# Shooting left



## laxer (Aug 16, 2008)

Purchased a Stoeger Cougar 9mm. Great gun. After 250 rounds and a few times to the range it is consitently shooting left about 3-4 inches at 5 yards. Less at three and more at seven. Is there an adjustment I can perform on the sights to correct?


----------



## falchunt (May 8, 2009)

Is the rear sight on the Cougar adjustable from Right to left? If so, adjusting the sights to the left will aide your problem. Move it just slightly, fire 5 shots, and adjust accordingly.


----------



## Todd (Jul 3, 2006)

First make sure it's not you instead of the gun before you start messing with the sights. Shoot from a rest and/or have one of the RO's (who are usually pretty good shots) try your gun out. If everything is fine when shooting from a rest or with someone else, then it's you and not the equipment. Here are some fixes that I stole from 
http://www.lasc.us/FryxellCrackShot.htm who stole it from the NRA.

If your shots group low and to the left most likely you are jerking the trigger instead of squeezing it.

If your shots group high to the left - say in the 9 o'clock to 12 o'clock position - you are probably anticipating the recoil and pushing the firearm up. This is called "riding the recoil". Groups in this area are also caused by lack of follow-through.

If your group is consistent at about 9 o'clock you most likely do not have your finger on the trigger properly. You are probably squeezing at an angle instead of straight back.

If you group is high to the right you may be "heeling" the firearm - anticipating the recoil and pushing with the heel of your hand.

If your shots group fairly consistently to the right in the 3 o'clock area you are probably "thumbing" the gun.
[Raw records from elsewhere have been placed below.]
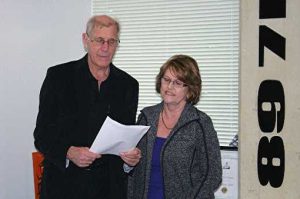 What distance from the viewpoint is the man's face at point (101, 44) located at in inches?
72.9

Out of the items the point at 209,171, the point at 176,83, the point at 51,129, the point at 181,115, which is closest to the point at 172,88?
the point at 176,83

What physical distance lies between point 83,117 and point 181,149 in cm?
47

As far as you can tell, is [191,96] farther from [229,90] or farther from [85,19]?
[85,19]

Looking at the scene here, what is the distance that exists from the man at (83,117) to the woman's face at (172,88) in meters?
0.23

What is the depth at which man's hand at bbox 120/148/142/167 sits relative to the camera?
185 cm

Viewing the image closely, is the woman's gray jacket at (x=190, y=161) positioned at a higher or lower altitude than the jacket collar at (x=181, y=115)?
lower

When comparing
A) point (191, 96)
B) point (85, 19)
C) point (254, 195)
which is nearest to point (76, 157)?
point (191, 96)

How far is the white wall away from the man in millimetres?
734

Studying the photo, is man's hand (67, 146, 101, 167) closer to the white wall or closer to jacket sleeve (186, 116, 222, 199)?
jacket sleeve (186, 116, 222, 199)

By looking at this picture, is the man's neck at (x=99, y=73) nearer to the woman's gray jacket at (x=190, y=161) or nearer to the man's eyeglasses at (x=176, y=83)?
the man's eyeglasses at (x=176, y=83)

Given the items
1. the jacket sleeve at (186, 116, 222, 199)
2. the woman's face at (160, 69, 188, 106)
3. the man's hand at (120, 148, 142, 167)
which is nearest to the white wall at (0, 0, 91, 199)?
the man's hand at (120, 148, 142, 167)

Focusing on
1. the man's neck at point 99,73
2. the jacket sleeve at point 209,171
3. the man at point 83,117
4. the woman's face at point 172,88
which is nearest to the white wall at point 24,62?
the man at point 83,117

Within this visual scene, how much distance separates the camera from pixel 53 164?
1.92m

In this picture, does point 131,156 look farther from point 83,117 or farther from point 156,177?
point 83,117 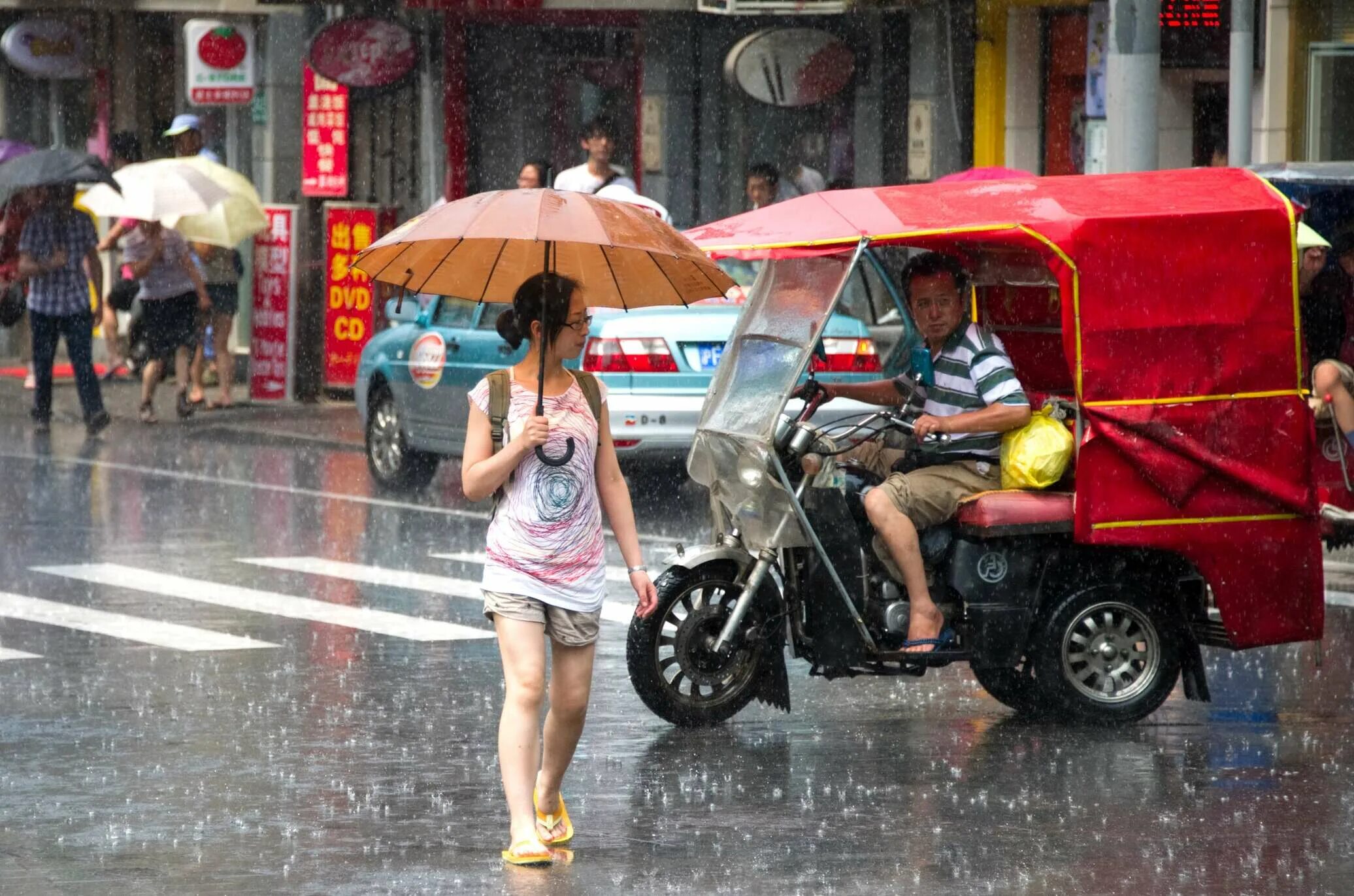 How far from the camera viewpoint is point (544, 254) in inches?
278

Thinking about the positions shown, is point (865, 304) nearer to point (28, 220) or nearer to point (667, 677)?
point (28, 220)

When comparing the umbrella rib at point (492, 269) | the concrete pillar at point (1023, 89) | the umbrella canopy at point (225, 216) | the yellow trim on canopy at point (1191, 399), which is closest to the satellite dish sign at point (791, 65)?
the concrete pillar at point (1023, 89)

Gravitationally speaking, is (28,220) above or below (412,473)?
above

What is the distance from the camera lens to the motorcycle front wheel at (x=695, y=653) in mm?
8562

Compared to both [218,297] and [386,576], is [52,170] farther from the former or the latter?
[386,576]

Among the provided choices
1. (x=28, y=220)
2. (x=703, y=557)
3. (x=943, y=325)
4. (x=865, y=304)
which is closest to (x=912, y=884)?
(x=703, y=557)

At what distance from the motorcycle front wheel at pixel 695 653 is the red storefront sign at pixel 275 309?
44.7 ft

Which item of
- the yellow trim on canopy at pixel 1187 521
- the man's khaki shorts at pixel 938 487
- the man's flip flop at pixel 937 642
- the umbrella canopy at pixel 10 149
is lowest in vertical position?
the man's flip flop at pixel 937 642

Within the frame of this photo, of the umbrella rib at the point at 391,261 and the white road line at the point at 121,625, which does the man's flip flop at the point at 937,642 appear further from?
the white road line at the point at 121,625

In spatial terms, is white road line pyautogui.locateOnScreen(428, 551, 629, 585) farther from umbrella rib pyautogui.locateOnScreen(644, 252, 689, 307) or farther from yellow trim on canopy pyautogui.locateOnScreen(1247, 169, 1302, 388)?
umbrella rib pyautogui.locateOnScreen(644, 252, 689, 307)

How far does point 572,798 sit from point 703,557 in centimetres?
129

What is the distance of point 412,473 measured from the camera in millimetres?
16188

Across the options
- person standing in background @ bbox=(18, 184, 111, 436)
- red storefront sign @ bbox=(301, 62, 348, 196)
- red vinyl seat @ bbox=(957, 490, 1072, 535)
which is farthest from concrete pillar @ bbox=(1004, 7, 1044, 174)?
red vinyl seat @ bbox=(957, 490, 1072, 535)

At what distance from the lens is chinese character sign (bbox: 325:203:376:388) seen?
21578 millimetres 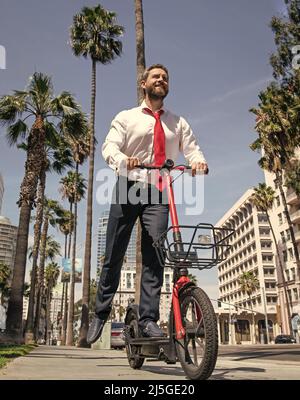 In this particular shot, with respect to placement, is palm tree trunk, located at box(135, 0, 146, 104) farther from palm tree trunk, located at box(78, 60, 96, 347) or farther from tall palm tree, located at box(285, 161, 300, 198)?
tall palm tree, located at box(285, 161, 300, 198)

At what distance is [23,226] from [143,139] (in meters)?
11.8

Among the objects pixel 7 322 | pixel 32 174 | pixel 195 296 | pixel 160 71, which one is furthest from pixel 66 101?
pixel 195 296

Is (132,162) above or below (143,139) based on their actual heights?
below

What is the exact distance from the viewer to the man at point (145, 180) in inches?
144

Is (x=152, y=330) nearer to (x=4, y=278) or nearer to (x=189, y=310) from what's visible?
(x=189, y=310)

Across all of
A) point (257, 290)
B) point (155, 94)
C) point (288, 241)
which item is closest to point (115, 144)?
point (155, 94)

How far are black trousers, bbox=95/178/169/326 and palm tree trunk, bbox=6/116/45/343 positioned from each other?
36.7 ft

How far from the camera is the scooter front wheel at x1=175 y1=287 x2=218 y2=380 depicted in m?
2.72

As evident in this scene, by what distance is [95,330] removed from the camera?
153 inches

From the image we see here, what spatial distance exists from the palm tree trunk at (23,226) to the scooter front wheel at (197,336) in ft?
39.2

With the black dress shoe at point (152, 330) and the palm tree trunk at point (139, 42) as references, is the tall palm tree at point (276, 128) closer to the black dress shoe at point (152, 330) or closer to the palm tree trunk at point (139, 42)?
the palm tree trunk at point (139, 42)

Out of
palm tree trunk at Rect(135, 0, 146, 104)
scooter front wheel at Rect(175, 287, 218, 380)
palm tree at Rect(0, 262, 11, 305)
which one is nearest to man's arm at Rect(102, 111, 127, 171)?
scooter front wheel at Rect(175, 287, 218, 380) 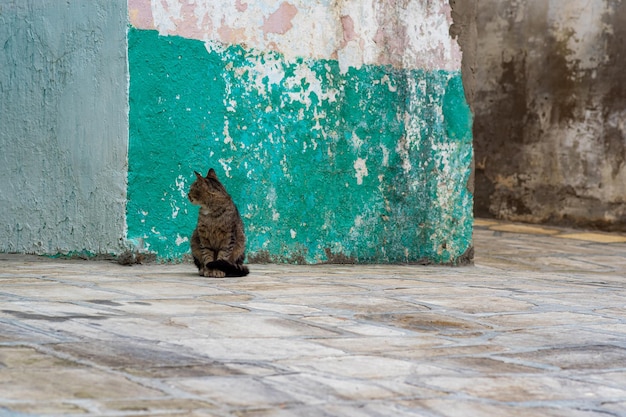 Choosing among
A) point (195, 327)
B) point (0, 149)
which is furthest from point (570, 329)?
point (0, 149)

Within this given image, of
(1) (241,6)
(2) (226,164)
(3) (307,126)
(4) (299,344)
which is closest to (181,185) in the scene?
(2) (226,164)

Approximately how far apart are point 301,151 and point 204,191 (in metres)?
1.03

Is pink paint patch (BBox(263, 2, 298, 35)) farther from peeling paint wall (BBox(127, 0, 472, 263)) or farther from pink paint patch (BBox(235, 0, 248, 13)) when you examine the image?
pink paint patch (BBox(235, 0, 248, 13))

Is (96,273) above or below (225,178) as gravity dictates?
below

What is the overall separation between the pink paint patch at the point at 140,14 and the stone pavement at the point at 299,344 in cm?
133

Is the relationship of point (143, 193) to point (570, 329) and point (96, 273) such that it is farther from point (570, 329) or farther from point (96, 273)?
point (570, 329)

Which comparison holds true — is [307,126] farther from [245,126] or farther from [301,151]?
[245,126]

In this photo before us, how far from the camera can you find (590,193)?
927 cm

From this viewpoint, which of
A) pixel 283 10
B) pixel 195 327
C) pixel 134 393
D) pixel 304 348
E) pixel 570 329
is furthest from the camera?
pixel 283 10

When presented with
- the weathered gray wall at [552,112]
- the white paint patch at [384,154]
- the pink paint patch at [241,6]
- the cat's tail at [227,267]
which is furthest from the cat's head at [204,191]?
the weathered gray wall at [552,112]

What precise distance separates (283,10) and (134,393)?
12.6ft

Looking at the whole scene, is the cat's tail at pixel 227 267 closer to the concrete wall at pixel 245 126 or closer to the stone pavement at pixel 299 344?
the stone pavement at pixel 299 344

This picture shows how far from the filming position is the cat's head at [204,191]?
5.06 m

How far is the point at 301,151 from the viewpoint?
19.4ft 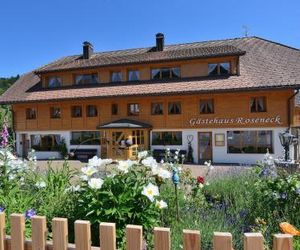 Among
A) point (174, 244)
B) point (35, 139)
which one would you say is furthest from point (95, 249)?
point (35, 139)

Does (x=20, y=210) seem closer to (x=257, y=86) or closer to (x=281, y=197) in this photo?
(x=281, y=197)

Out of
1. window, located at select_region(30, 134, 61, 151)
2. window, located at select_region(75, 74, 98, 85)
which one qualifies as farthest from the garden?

That is, as the gun goes off you are pushing on the side of the frame with your thumb.

If your group is consistently low, say in the 6 o'clock area, you may be "breaking" your wrist, that is, anticipating the recoil and cocking the wrist down. Low shots also come from improper follow-through when the shooter relaxes too quickly.

If all the shots are hitting right, low, say in the 4 to 5 o'clock area, you may be tightening your grip just as the gun fires. This is another form of anticipating recoil.


----------



## TOF (Sep 7, 2006)

If you are left handed replace the word left with right and right with left in the information provided by Guru Todd.

The rear sight is installed in a dovetail groove you can drift it left or right as required. Just make certain the sights are the true problem.

tumbleweed


----------



## laxer (Aug 16, 2008)

Thanks for input. I'll run a few more rounds through paying closer attention to the trigger pull.


----------



## dondavis3 (Aug 2, 2009)

+1 TOF (I'm a lefty too)

+1 Todd - when a new gun doesn't shoot well, it's usually me  and I just need to learn better the trigger pull / recoil / sight picture / etc.

Good luuck with your new gun.

:smt1099


----------



## DevilsJohnson (Oct 21, 2007)

dondavis3 said:


> +1 TOF (I'm a lefty too)
> 
> +1 Todd - when a new gun doesn't shoot well, it's usually me  and I just need to learn better the trigger pull / recoil / sight picture / etc.
> 
> ...


Yeah, I'm with you there. A new weapon I wont go to changing anything until I get a couple hundred rounds through it to make sure it's not me. Some new ones can be a little funky because they are new. and you the shooter are new to using it. It's best to take a little extra time when you get a new one to amke sure it;s not the shooter.


----------



## Chaemie (Mar 13, 2009)

*Stoeger 40sw*

I do the same thing. Been to the range 3 times fired approx 400 rounds. Hitting the target at 3-4 inches to the left at the 9 o'clock position. I was thinking it was the sights also. Mainly because with my cz 75 9mm. I am very accurate.


----------